The flashback sequence

My writer friend who graciously offered to beta-read my novel — we met up at a restaurant, ordered dinner and spread each other’s respective manuscripts all over the table, thoroughly puzzling our waiter — had several excellent suggestions for improving things, one of them being some flashback scenes. It would help humanize one of the characters. It would give the other characters more depth. It would help pinpoint where a particular relationship started to go wrong.

Now, I hadn’t thought in detail about what happened to these characters before the start of the novel. Because I’m a pantser. (I love this term for some reason. It makes me giggle.) I quite literally make it up as I go along. I find my way through the story as I write it, as though a road map were some sort of unnecessary oddity. Which is ironic, because a road map, and a GPS, and possibly a co-pilot, are entirely necessary when I want to physically go somewhere. Letting my brain wander aimlessly is much more useful than letting the car wander, and it saves on gas, too.

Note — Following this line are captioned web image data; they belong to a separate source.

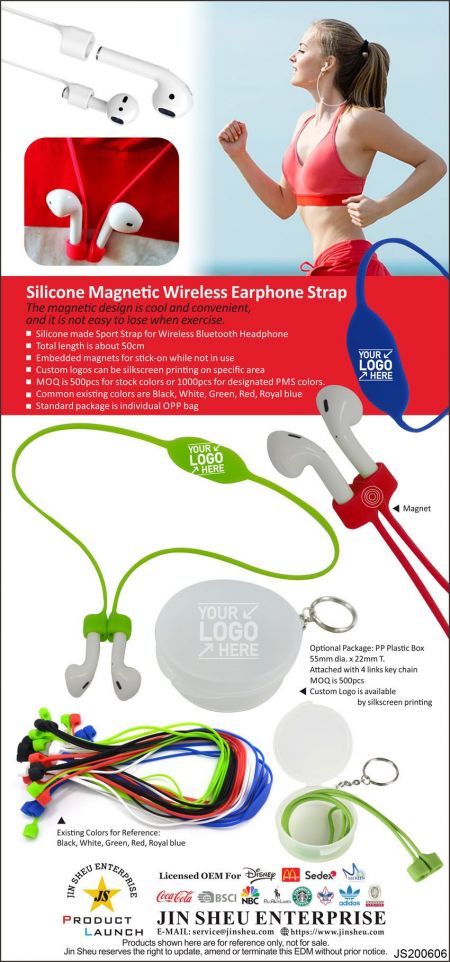 Silikonowy magnetyczny pasek do bezprzewodowych słuchawek - Magnetyczny pasek z silikonu do sportów, zapobiegający zgubieniu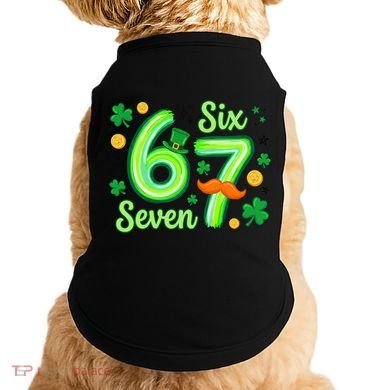 St Patrick's Lucky 67 Six Seven 6-7 Meme Doggie Tank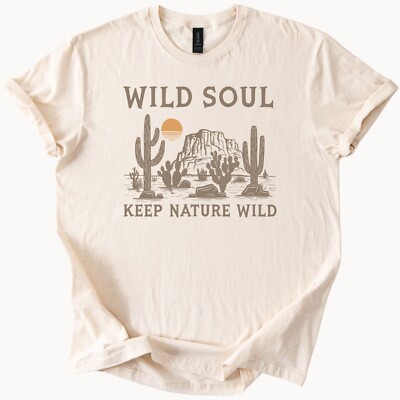 Wild Soul Desert Cactus Graphic T Shirt Nature Tee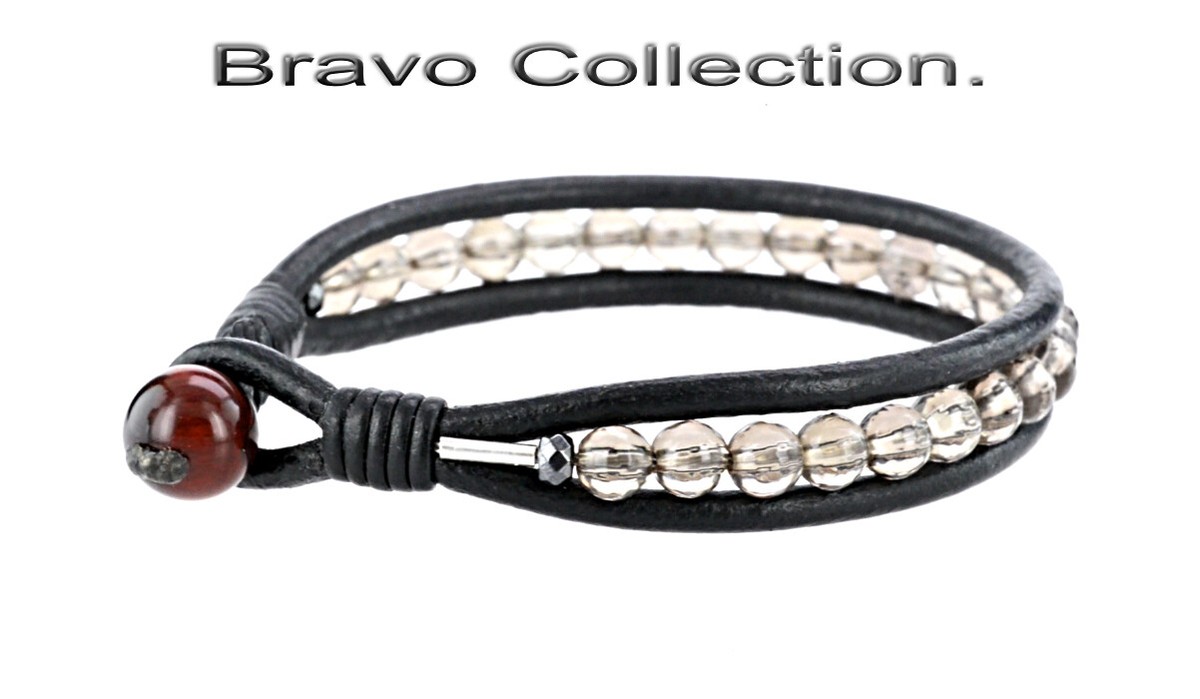 1B-479 HANDMADE Genuine Smoky Quartz, Iron Ore Leather Armband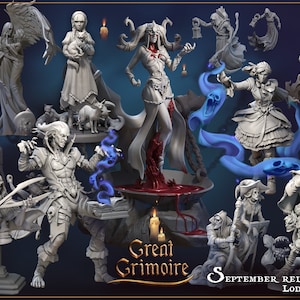 Lodge of the Dark Arts - Necromancer, Apprentice, Spirits, Ghosts, Witch - Wargaming RPG Miniature Skirmish Games Terrein Great Grimoire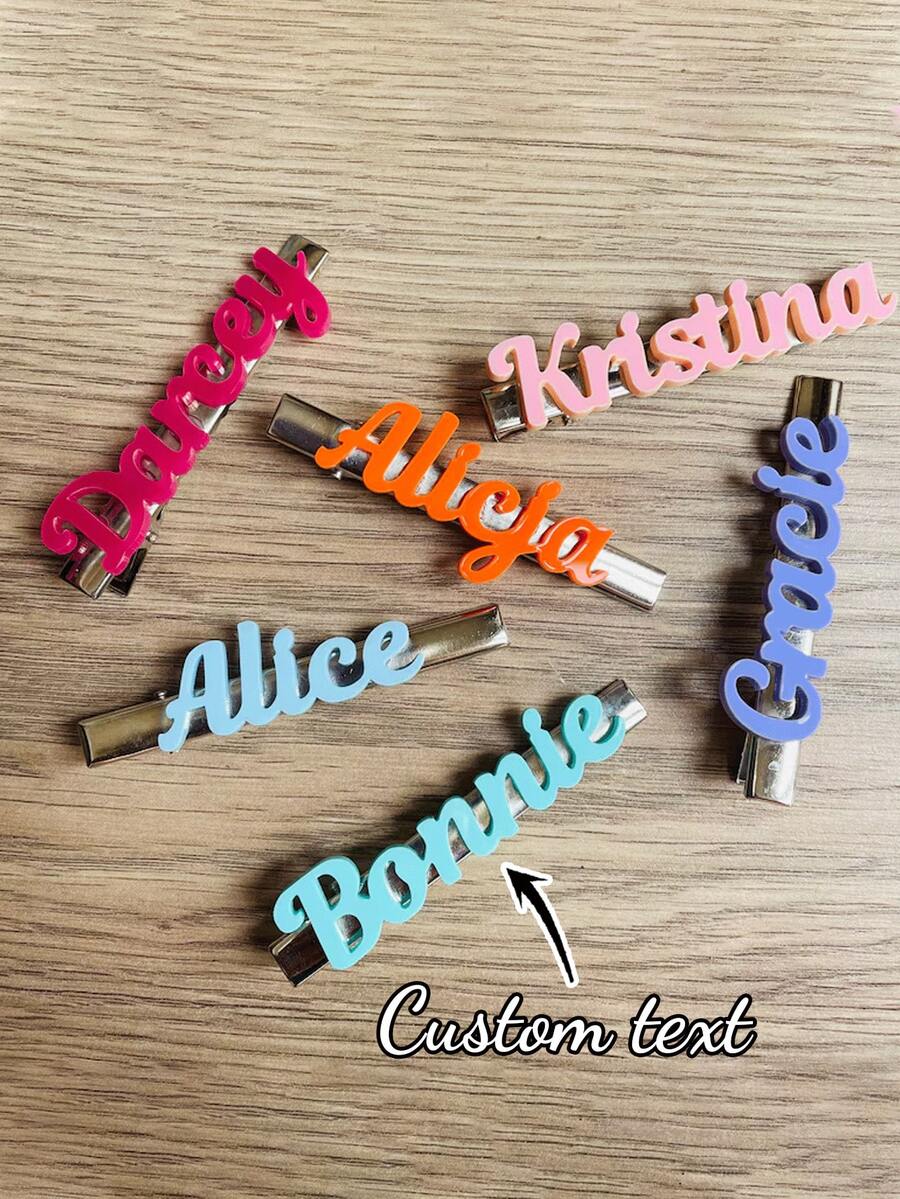 Personalized Name Hair Clip, Multiple Color Options, Macaron Style, Minimalist Design, Versatile Accessory For Girls, Perfect Gift For Holidays/Birthdays, Exclusive Gift For Special Ones - Section 8 - View 1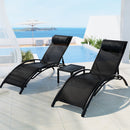 Gardeon 3PC Sun Lounge Outdoor Lounger Steel Table Chairs Patio Furniture Garden - RnR Galore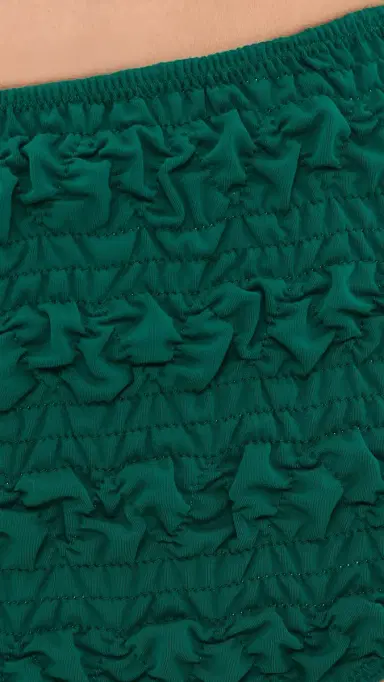 Sea Cybelle Smocked High Waisted Bikini Bottoms Green M | Thumbnail 5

So following my friend’s suggestion, I flipped to the likeliest starting spot and began to write a flashback scene. And then I did it again. And again. And discovered facets to my characters’ personalities that I had not known were there. Apparently there’s a reason why two of them don’t like each other. There’s a bit of stubbornness, an immaturity, in the main character I hadn’t seen before, but now I do.

I’m quite delighted that my characters and I still have interesting things to say to each other. I hope that never changes.

I’m about running out of space in the narrative to add another flashback (otherwise they’re in danger of colliding with the present, and then I’d have a bit of a metaphysical pileup), and am a little disappointed. My characters will just have to find another way to get my attention.